Arrival (2016) USA di Denis Villeneuve

Gli alieni sono arrivati sulla terra. Chiusi nelle diverse astronavi che sono atterrate, aspettano che gli uomini vadano da loro. E’ impossibile, però, comunicare. Per comprendere il loro linguaggio, gli Stati Uniti ingaggiano Louise, una linguista solitaria e introversa, che trova un modo per interpretare l’alfabeto degli extraterrestri, ectapodi simili a piovre. Nel corso dei mesi Louise e il team di scienziati al lavoro riesce a parlare con gli alieni pur senza comprendere tutto. Il problema è l’escalation militare che sta mettendo in pericolo la pace. Louise, intanto, continua ad avere visioni di una bambina, sua figlia, che in effetti lei non ha.

Siamo nella fantascienza metafisica, poetica, totalizzante. Villeneuve dirige un film sugli alieni parlando di noi stessi, dell’introflessione dei sentimenti, del destino da accettare incondizionatamente, della bellezza dell’amore, della necessità della comunicazione. Il regista canadese si conferma autore completo piegando il genere cinematografico alla sua intimità, alle sue tematiche. Gli uomini cercano di dare perennemente senso alla propria esistenza e nel confronto con un’altra civiltà avvertono ancora di più la propria inadeguatezza.
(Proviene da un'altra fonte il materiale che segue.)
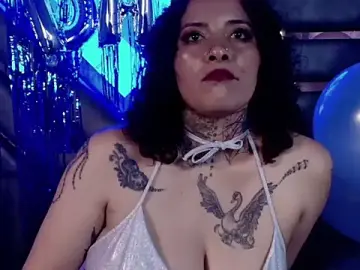LadyMiax  live sex cam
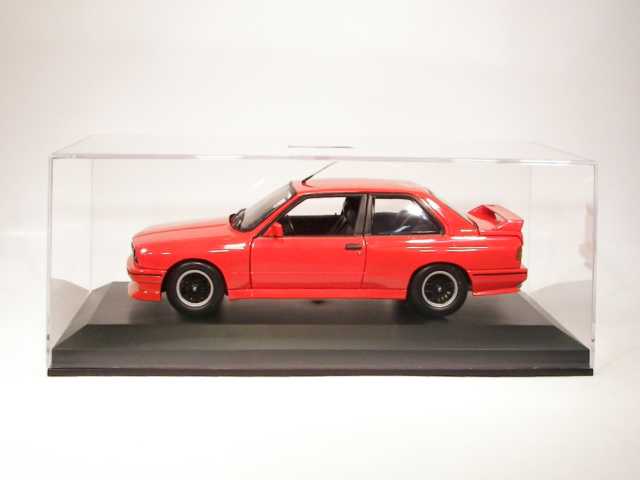 Plastic Showcase 1:18 LBH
Questa sensazione rende Louise così sensibile alle parole, al valore che i termini assumono nelle persone, nel creare le paure e le angosce. Così facendo, Villeneuve riporta la fantascienza al livello dell’anima e la rende grande.

Le astronavi sembrano i monoliti di Kubrick. Si avvertono richiami al Contact di Sagan, ad altri elementi del genere in un dotto citazionismo che non diventa mai saccente esposizione. Non sorprende che sia toccato a lui riprendere Blade Runner.